Skip to contents

Preprocesses text data by:

  • Constructing a corpus

  • Tokenizing text into words

  • Converting to lowercase

  • Removing default English stopwords and optional custom stopwords

  • Specifying a minimum token length.

Typically used before constructing a dfm and fitting an STM model.

Usage

preprocess_texts(
  united_tbl,
  text_field = "united_texts",
  custom_stopwords = NULL,
  min_char = 2,
  ...
)

Arguments

united_tbl

A data frame that contains text data.

text_field

The name of the column in united_tbl that contains text data.

custom_stopwords

A character vector of additional stopwords to remove. Default is NULL.

min_char

Minimum length in characters for tokens (default is 2).

...

Further arguments passed to quanteda::corpus.

Value

A quanteda tokens object.
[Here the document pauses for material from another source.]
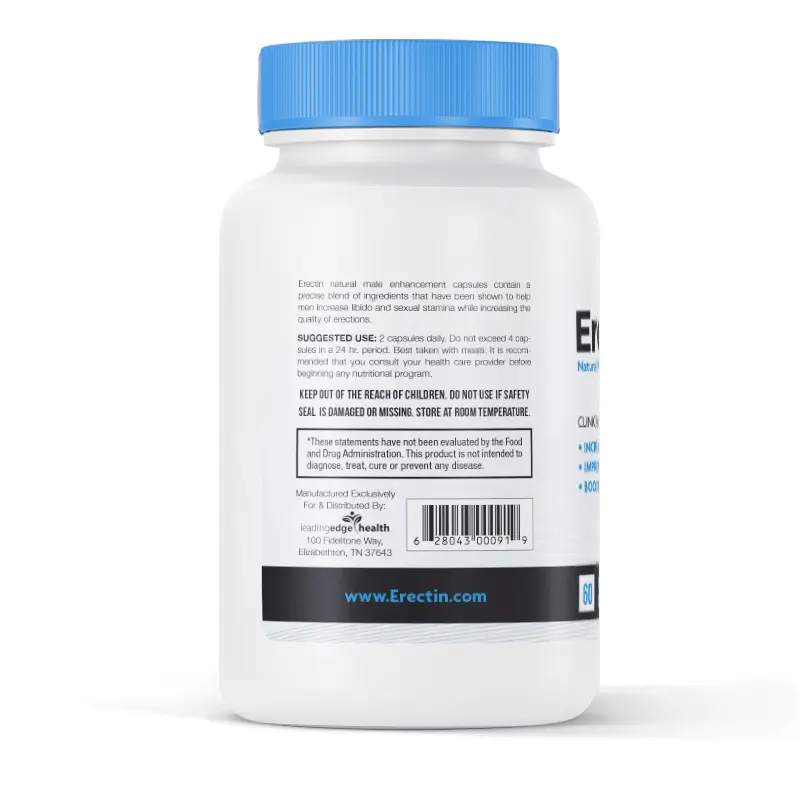 Erectin™ – Male Performance & Vitality Support Supplement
Each row in the object represents a document, and each column represents a token. The object is ready for constructing a dfm and fitting an STM model.

Examples

if (interactive()) {
  df <- TextAnalysisR::SpecialEduTech
  united_tbl <- TextAnalysisR::unite_text_cols(df, listed_vars = c("title", "keyword", "abstract"))
  tokens <- TextAnalysisR::preprocess_texts(united_tbl, text_field = "united_texts")
  tokens
}